This modified code will produce similar results (with the same information in the SAS log), however, smaller data sets will have their observations randomly selected from the source data set.

DATAn naming convention

You may have noticed that in this random splitting code I have not specified data set names neither in the DATA statement of the first DATA step, nor in the PROC SORT and not even in the SET statement of the last DATA step. Not only these shortcuts possible due to SAS’ DATAn naming convention, but it is a very robust way of dynamically assigning temporary data set names. This method is especially useful and appropriate for SAS macros as it guarantees that you do not accidentally overwrite a data set with the same name in SAS program that invokes your macro. Think about it: if you are a macro developer you need to make sure that whatever temporary data sets you create within your macro their names must be unique for a SAS session in order not to interfere with any data sets that may be created in the calling SAS program outside of your macro.

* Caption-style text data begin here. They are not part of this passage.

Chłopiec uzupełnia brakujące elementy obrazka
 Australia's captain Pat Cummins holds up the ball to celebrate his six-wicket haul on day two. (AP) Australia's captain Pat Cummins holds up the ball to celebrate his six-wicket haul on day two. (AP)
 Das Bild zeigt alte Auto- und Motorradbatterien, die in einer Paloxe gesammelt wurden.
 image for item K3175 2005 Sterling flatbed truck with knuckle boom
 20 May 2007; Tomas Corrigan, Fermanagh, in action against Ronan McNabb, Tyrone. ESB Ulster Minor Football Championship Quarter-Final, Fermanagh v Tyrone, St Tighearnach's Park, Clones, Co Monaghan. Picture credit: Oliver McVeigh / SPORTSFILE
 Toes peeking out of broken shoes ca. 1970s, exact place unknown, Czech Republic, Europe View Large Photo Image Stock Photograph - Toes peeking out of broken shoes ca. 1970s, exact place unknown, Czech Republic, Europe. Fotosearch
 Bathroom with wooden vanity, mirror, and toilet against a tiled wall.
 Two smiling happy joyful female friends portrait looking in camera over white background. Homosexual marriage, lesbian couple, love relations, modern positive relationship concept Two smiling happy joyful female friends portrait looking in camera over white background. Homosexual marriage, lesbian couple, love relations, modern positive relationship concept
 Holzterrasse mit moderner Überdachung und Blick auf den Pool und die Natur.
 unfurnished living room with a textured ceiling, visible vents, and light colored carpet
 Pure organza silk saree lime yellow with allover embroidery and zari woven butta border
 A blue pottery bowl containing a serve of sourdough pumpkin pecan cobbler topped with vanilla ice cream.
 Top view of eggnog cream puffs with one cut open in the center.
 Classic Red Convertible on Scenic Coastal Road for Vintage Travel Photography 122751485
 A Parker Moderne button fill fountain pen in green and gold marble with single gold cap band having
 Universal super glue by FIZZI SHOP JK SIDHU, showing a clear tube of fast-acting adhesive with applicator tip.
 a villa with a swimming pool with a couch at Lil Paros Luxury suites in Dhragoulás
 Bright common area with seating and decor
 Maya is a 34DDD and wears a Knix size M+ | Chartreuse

Here are defaults in SAS’ DATAn naming convention:

  • If you do not specify a name for the output data set in a DATA statement, SAS automatically assigns the default names WORK.DATA1, WORK.DATA2, and so on, to each successive data set that you create.
  • If you do not specify a name for the input data set in a SET statement, SAS automatically uses the last data set that was created. SAS keeps track of the most recently created data set through the reserved name _LAST_. When you execute a DATA or PROC step without specifying an input data set, by default, SAS uses the _LAST_ data set.

For more information on this useful SAS coding technique see special data set names and examples and warning on using special data set names.

Your thoughts?

Do you find this post useful? Have you ever split data sets into smaller ones based on a number of observations? Do you use special data set names and DATAn naming convention in your SAS coding? Please share your thoughts in the comments section below.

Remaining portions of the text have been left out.